En esta identificación de la que hablamos, Cristo es no sólo causa meritoria
sino también eficiente de esta santificación, y su Humanidad Santísima es
instrumento -inseparablemente unido a la divinidad- que la causa en su
Iglesia, es decir toda la gracia nos viene –a cualquier hombre- por la
Humanidad de Jesús. S. Tomás ve a Cristo como Cabeza del cuerpo total, al
considerar en El las propiedades que le competen a la cabeza con respecto al
cuerpo, y que competen a Jesús con respecto a sus miembros, como Dios: exceder
en dignidad y perfección a los demás, dirigirlos y ser principio de movimiento
de todos ellos. Pero también hay una propiedad que le conviene en cuanto
hombre, y es la conformidad de naturaleza con los demás miembros (cf. In III
Sent., d. 13, q. 2, a. 1 c). La santidad del cristiano tiene un profundo
carácter cristológico, no sólo porque le une a Cristo al participar de su
filiación, sino por Cristo en cuanto hombre, de la gracia de Cristo
deriva la gracia hacia nosotros.
Pensemos cuanto dice Gaudium et spes 22: «mediante la Encarnación el Hijo de
Dios se ha unido en cierto modo a todo hombre». Es por tanto una unión que
Jesús adquiere con cada persona en la medida que ésta le acoge en su corazón.

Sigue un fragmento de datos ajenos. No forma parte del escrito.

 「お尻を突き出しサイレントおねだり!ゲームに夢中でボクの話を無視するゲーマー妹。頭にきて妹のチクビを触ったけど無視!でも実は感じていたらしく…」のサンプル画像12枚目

Esta verdad fomenta nuestra esperanza en Dios, de ser objeto de su Amor, de
que se comporta con cada uno como el mejor Padre que ima ginarse pueda. Cristo
nos ha mostrado el amor del Padre y nos hace partícipes de su amor, que se
adueña de nuestra capacidad de amar, y nos da una perfecta filiación en el
Espíritu Santo, y con esto un amor fraterno para todos los hombres. Un amor en
el que cada uno se une a Dios y en el cual los hombres son capaces de unirse
entre sí. La santidad es, en suma, la perfección en el amor, sustentado por la
fe y la esperanza.
De ahí los lazos inseparables entre santidad y comunión en la Iglesia,
santidad y comunión con todos los hombres, cuya principal fruto es el afán
apostólico. El amor de caridad, con que Cristo nos ha amado y enseñado a amar,
es inseparablemente amor al Padre y, en la común filiación a El, amor a todos
los hombres que no puede no incluir la preocupación por la salvación de todas
las almas, pues quiere que todas se salven (omnes homines vult salvus fieri: 1
Tim 2, 4). Eso nos lleva a un apostolado, del cual la comunión entre los
fieles es, por así decirlo, condición de autenticidad y primera manifestación.